Gracias a CrÁtera y a David Acebes Sampedro.









LA QUILMA DEL SEMBRADOR

 

         Confluyen en la poética de Cristina Flantains una suerte de «neosurrealismo», que bebe directamente de las procelosas aguas del Conde de Lautréamont, y un «misticismo posmoderno» que, por lo que a mí se me antoja, no tiene parangón en el seno –siempre hostil y poco acogedor- de la actual poesía en lengua castellana.

En efecto, como podemos advertir en su nuevo poemario La quilma del Sembrador (y la clemencia de Maldoror), publicado en exquisita edición por la siempre fiable editorial Eolas, la escritora leonesa, afincada en su particular locus amoenus de Castro del Condado, glosa “a lo divino” (como hiciera, verbigracia, San Juan de la Cruz con los versos de su admirado Garcilaso de la Vega) una de las obras más representativas de todo el siglo XIX, Les Chants de Maldoror.

         Sin embargo, lejos de emular a Isidore Ducasse (paradigma de poeta maldito) y despotricar contra el Dios que “engendró” la basura del ser humano, Flantains adopta –con su característico verso libre y su prosa poética que sirve de frontispicio a los tres capítulos que conforman su glosa- una actitud más contemplativa, a la par que mística.

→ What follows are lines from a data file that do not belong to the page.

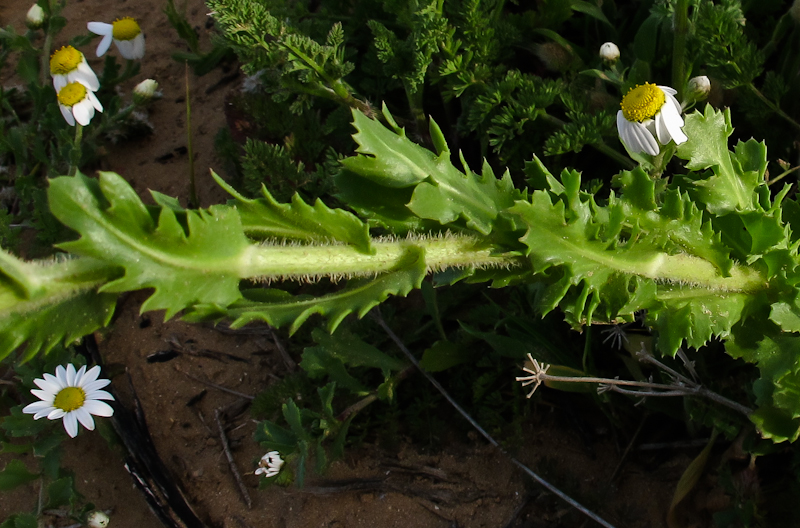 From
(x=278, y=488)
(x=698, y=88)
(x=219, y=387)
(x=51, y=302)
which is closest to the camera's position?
(x=51, y=302)

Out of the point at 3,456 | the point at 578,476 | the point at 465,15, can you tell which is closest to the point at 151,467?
the point at 3,456

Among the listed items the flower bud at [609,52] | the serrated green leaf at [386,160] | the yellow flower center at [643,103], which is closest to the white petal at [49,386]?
the serrated green leaf at [386,160]

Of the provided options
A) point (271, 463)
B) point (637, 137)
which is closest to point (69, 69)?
point (271, 463)

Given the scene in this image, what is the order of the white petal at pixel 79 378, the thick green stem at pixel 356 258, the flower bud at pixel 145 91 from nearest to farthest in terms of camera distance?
the thick green stem at pixel 356 258, the white petal at pixel 79 378, the flower bud at pixel 145 91

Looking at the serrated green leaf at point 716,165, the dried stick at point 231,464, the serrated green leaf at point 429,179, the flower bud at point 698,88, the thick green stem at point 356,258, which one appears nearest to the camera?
the thick green stem at point 356,258

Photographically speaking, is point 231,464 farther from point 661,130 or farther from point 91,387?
point 661,130

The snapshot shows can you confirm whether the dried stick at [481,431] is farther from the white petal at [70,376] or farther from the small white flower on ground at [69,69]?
the small white flower on ground at [69,69]

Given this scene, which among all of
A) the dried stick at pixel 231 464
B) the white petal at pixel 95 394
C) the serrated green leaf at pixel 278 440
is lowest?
the dried stick at pixel 231 464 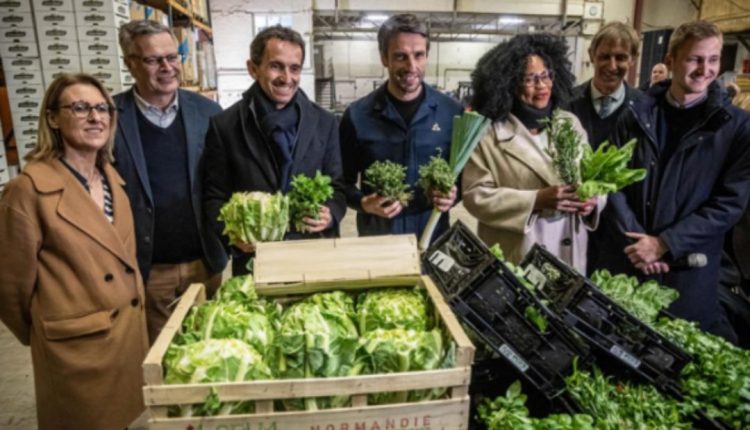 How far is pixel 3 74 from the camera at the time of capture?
380 centimetres

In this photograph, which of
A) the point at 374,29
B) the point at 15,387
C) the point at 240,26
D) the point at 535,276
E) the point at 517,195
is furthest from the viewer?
the point at 374,29

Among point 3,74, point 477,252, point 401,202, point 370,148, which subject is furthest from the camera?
point 3,74

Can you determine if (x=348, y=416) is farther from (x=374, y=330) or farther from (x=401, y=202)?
(x=401, y=202)

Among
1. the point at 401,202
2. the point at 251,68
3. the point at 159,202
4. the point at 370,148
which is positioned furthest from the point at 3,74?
the point at 401,202

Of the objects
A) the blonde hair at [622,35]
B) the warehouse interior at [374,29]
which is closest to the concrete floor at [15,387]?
the warehouse interior at [374,29]

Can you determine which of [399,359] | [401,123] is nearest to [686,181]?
[401,123]

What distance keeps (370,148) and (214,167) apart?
2.33 feet

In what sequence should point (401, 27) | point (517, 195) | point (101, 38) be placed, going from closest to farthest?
point (517, 195) < point (401, 27) < point (101, 38)

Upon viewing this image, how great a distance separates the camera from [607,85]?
8.89 feet

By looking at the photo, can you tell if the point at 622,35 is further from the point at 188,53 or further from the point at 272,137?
the point at 188,53

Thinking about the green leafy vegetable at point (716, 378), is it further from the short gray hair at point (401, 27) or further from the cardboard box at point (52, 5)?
the cardboard box at point (52, 5)

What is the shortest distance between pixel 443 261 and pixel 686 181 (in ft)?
4.55

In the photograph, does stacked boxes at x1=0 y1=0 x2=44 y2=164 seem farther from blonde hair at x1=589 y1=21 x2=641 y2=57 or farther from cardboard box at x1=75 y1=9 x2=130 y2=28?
blonde hair at x1=589 y1=21 x2=641 y2=57

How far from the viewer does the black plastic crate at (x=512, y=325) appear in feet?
4.34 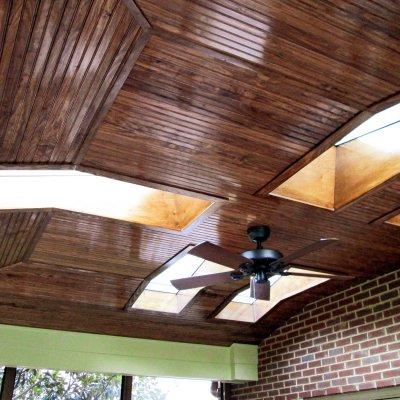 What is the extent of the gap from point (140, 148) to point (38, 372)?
3446 mm

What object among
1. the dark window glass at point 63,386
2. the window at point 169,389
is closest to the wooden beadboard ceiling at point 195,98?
the dark window glass at point 63,386

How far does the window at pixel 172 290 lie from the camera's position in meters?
4.97

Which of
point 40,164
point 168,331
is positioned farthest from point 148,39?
point 168,331

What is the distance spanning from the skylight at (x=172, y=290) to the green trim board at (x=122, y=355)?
64 cm

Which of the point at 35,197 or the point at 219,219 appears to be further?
the point at 219,219

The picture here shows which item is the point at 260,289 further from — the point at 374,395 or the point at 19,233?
the point at 374,395

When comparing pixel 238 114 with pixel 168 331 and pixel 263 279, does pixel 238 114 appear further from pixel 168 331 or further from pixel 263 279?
pixel 168 331

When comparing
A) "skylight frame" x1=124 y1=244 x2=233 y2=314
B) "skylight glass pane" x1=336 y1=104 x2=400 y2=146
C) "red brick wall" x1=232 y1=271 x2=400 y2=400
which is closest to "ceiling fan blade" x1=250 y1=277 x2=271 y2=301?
"skylight glass pane" x1=336 y1=104 x2=400 y2=146

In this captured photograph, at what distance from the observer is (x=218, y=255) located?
3.23 m

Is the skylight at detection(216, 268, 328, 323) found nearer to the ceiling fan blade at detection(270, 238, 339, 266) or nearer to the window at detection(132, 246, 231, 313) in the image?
the window at detection(132, 246, 231, 313)

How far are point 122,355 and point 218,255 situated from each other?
2.65m

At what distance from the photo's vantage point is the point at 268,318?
5613 mm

En este sentido, puedo afirmar sin tapujos que su voluntad poética se encuentra no muy lejana a la del místico “profano” que fue (si se me permite la boutade) Juan Ramón Jiménez, siempre encerrado en su torre de marfil en busca de su particular Dios cuántico, que fuera a la vez “deseante y deseado”.

         Dice Flantains en uno de sus primeros poemas: «¡Ojalá pudiese quedarme para siempre / con el Sembrador de Estrellas!». Para la autora de estos versos, que intertextualizan la bella metáfora que escribió Antonio Machado, Dios –no el católico, por supuesto, sino el posmoderno- es un ente superior y desconocido, Creador de todas las cosas y cuya existencia –por más que a algunos nos parezca disparatada («Te veo y no Te veo / Te siento y no Te siento»)- se deja sentir en lo más minúsculo y cotidiano («Remera soy en la taza de café») hasta en lo más grande y alejado («a la suerte de un impulso sideral»).

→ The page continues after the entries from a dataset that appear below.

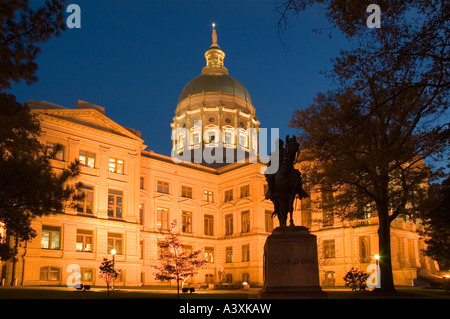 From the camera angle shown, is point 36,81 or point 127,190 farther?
point 127,190

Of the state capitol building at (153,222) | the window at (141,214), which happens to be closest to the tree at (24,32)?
the state capitol building at (153,222)

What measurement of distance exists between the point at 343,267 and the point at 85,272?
3083cm

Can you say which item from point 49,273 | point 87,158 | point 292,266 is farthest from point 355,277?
point 87,158

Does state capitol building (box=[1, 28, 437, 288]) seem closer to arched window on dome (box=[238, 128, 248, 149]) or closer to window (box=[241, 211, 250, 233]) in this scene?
window (box=[241, 211, 250, 233])

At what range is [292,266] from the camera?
1678 centimetres

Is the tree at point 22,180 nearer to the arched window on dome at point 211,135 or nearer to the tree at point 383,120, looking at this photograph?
the tree at point 383,120

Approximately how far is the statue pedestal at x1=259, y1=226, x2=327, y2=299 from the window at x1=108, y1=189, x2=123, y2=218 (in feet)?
134

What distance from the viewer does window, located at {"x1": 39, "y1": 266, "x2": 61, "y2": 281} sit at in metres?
46.3

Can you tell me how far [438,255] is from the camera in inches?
1464

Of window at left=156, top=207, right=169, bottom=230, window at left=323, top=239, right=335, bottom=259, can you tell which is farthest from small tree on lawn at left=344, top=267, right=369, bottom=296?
window at left=156, top=207, right=169, bottom=230

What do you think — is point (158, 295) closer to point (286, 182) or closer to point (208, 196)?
point (286, 182)

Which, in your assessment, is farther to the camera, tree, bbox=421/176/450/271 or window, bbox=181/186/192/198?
window, bbox=181/186/192/198

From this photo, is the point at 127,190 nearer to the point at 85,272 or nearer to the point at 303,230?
the point at 85,272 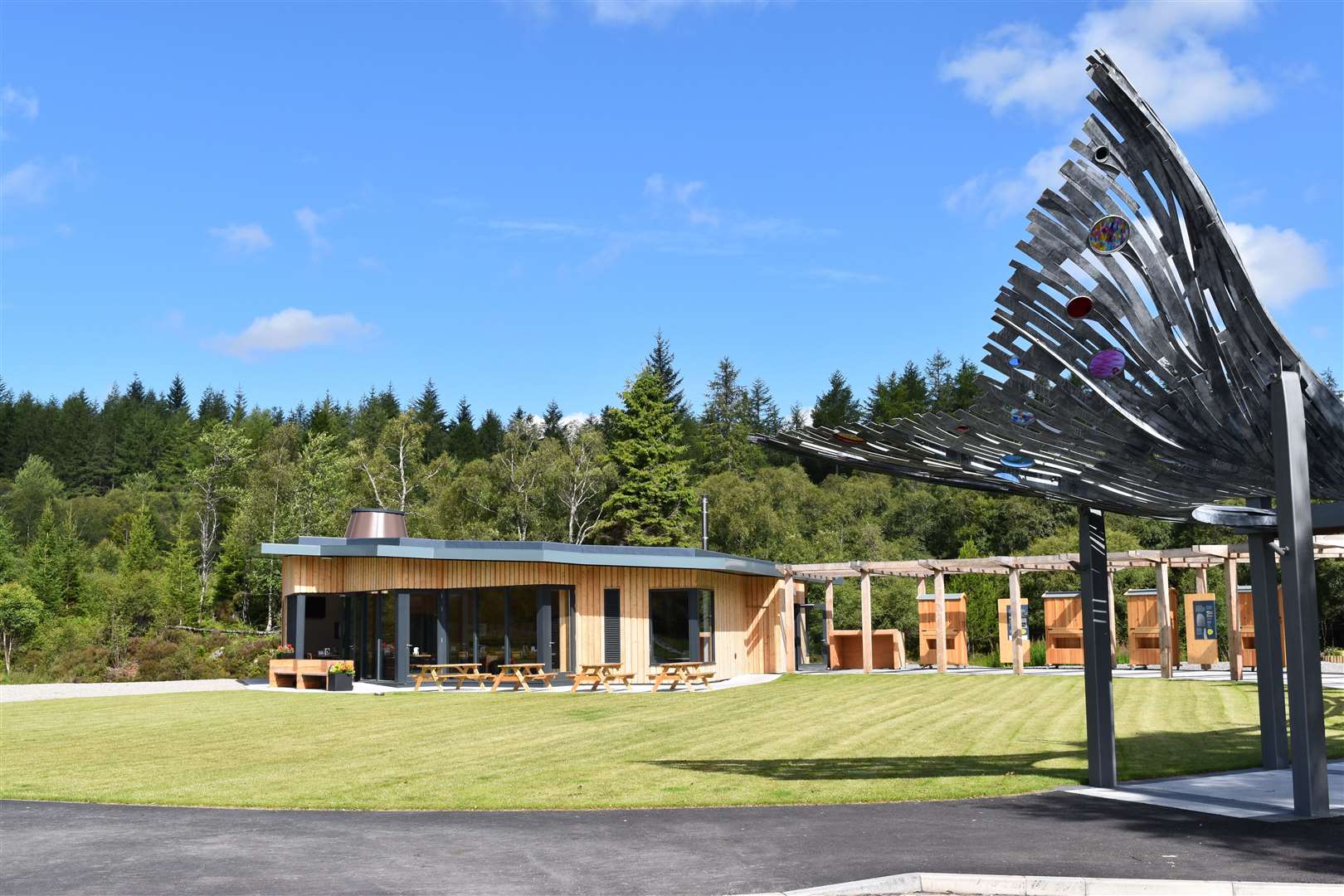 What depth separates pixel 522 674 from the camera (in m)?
22.7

         Como bien sabe la autora de Phi, siempre en busca de un «equilibrio áureo», Dios es invisible, como lo son, por ejemplo, las partículas subatómicas o las estrellas más lejanas que se escapan del alcance de los más modernos telescopios fabricados por el hombre. Pero eso no quiere decir que no existan, sino que, como poetas que somos, con ojo siempre avizor, estamos obligados a ir más allá e intuir lo inefable («Llegar a las cosas que no tienen nombre», nos recuerda la poeta) en un viaje trascendental que nos convierta en cáusticos proletarios al servicio de un «Dios muerto».

Pues en eso consiste, precisamente, el «misticismo posmoderno»: en creer en la existencia de un Dios que no existe. Insiste el oxímoron: «oraba a sus dioses marranos por él / con tanta fe que daba miedo». Si Dios no existe, si se ha convertido con el paso de los años en una simple «fruslería», no deja de ser sintomático que malgastemos nuestras efímeras vidas en una eterna búsqueda que no tiene fin. De hecho, si por un momento nos parásemos a pensar, parecería lógico concluir que, como hace Maldoror en su libro, solo cabe -en este infierno que nos ha tocado soportar- pedir clemencia y limitarse a vivir el presente.

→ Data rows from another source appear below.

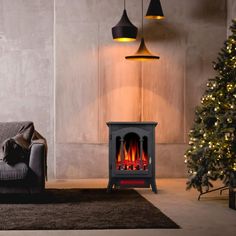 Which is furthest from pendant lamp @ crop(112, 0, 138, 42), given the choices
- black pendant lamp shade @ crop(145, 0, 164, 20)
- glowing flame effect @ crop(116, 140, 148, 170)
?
glowing flame effect @ crop(116, 140, 148, 170)

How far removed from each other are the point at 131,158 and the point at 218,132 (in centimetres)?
154

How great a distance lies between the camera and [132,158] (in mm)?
7773

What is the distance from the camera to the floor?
5129 mm

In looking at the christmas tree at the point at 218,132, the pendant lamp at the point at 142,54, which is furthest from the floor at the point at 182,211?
the pendant lamp at the point at 142,54

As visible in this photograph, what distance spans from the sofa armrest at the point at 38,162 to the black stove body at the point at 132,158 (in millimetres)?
1104

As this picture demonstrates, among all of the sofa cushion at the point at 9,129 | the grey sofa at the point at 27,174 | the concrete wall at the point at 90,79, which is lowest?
the grey sofa at the point at 27,174

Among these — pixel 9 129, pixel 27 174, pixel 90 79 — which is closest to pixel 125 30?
pixel 90 79

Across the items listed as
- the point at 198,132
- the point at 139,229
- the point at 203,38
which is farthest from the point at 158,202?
Answer: the point at 203,38

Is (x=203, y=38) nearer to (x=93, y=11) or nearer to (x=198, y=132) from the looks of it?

         En este sentido, la poemogonía de Cristina Flantains guarda muchas concomitancias con las enseñanzas del maestro vallisoletano Jorge Guillén: «por él vivo, por él respiro, por él acontezco». O dicho de otra forma: mientras podamos decir que respiramos (que el aire es nuestro), podemos decir también que vivimos y, por lo tanto, que acontecemos en un «instante vivido». En lo poético, no hay pasado ni futuro, solo un jubiloso «Ahora» que como un «presentimiento transversal» atraviesa nuestra insignificante historia particular y la de todos.

Y es que, en resumidas cuentas, lo que propone Cristina Flantains en La quilma del Sembrador es que nada hay más allá de la muerte: nada hay detrás de un Dios entendido como eterno descanso… Pues que así sea y así cumplamos su voluntad, exprimiendo la vida que nos ha tocado vivir verso a verso, estrofa a estrofa… Hasta alcanzar el último y definitivo verso de nuestras vidas.